The US Supreme Court has not yet ruled on this issue. The circuit courts of appeals have tended to construe Title VII very strictly, but the Seventh Circuit and/or Second Circuits may be about to buck that trend. In Kimberly Hively v. Ivy Tech Community College, an adjunct professor sued the school in 2014, alleging that it blocked her from full-time employment, because she is a lesbian. The U.S. District Court for the Northern District of Indiana, applying the strict interpretation of Title VII, dismissed the case. Ms. Hivey appealed to the Seventh Circuit. In July, 2016 the appellate panel reluctantly affirmed the District Court’s decision. It said its hands were tied by precedent. Ms. Hively then requested a re-hearing from the full court. (She had backing from the EEOC, along with members of Congress that have introduced legislation that would specifically amend Title VII to include sexual orientation and gender identity among the prohibited bases for employment discrimination.) In November 2016 during a hearing, the court actually questioned whether it need apply such a strict construction of Title VII, and pointed to other federal laws, such as the Sherman Act, that are now interpreted much differently than when they were first enacted.
In September, the Second Circuit, in Christiansen v. Omnicom Group Inc. et al., brought by an ad agency executive, alleging discrimination against him because he is gay. Second, the losing party of both cases is likely to appeal. If either or both of those cases side with the EEOC, there will be a split among the circuits which will make it more likely that the US Supreme Court will agree to hear one or both cases on appeal. (While either case could still be appealed, and the SCOTUS could still agree to hear such an appeal, it is more likely to do so when there is a split among the circuits. Other times it must/will evaluate based on the politics of the issue or other considerations). So yes, this issue is still alive and well and far from settled, but there is more.
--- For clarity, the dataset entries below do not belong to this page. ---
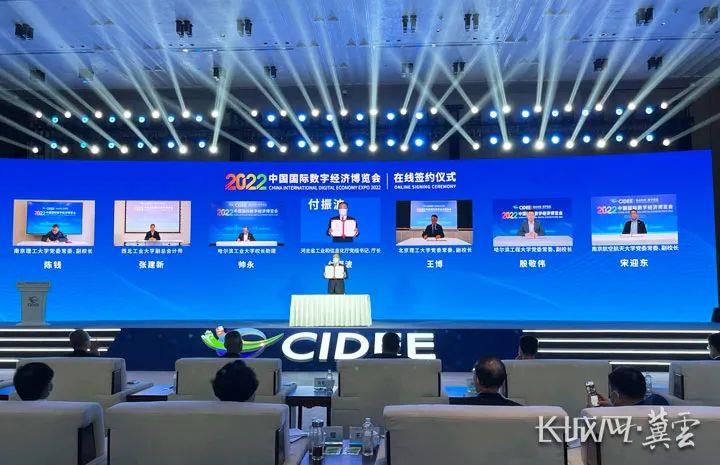 Bodog·(中国区)官方网站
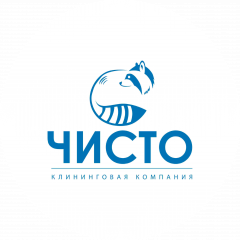 Клининговая компания Чисто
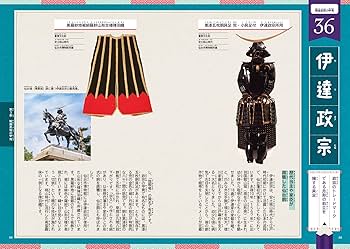 みんなが知りたい! 日本の甲冑のすべて 世界に誇る鎧と兜の歴史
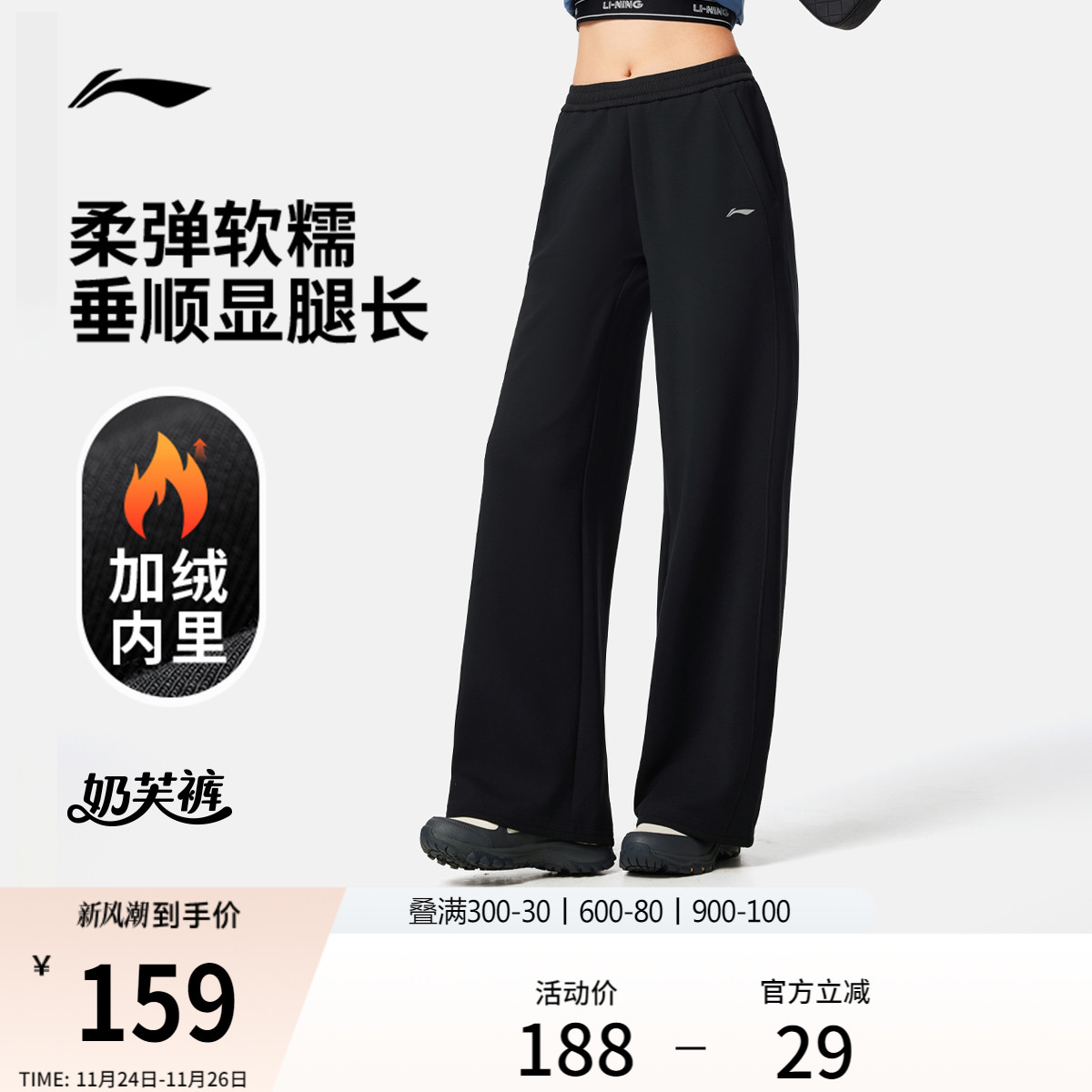 李宁奶芙裤 | 阔腿裤女直筒黑色裤子宽松加绒针织运动裤女款卫裤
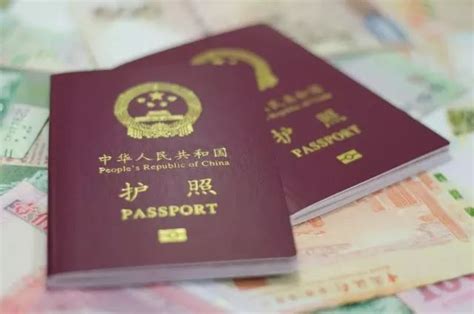 珠海护照照片回执多少钱一张 - 社保照片网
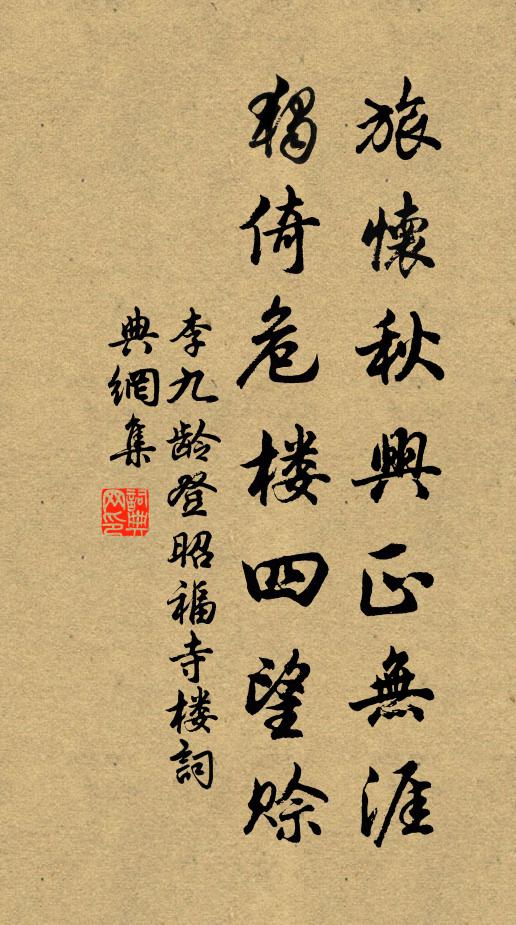 無數唐宮艷,華腴正不妨 詩詞名句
Remember when we looked at the issue of bathrooms in the workplace, and, specifically, the rights of transgender employees to use the bathroom of their choice? Click here and here if you missed that one. You may also be aware that the State of North Carolina made national headlines in March, by passing laws that visitors and employees at government buildings use the bathroom corresponding to their birth sex. These laws have been challenged to say the least. Specifically, in March the ACLU, on behalf of two transgender men and one lesbian law professor at the University of North Carolina, alleging that the law violates the U.S. Constitution and Title IX of the Civil Rights Act.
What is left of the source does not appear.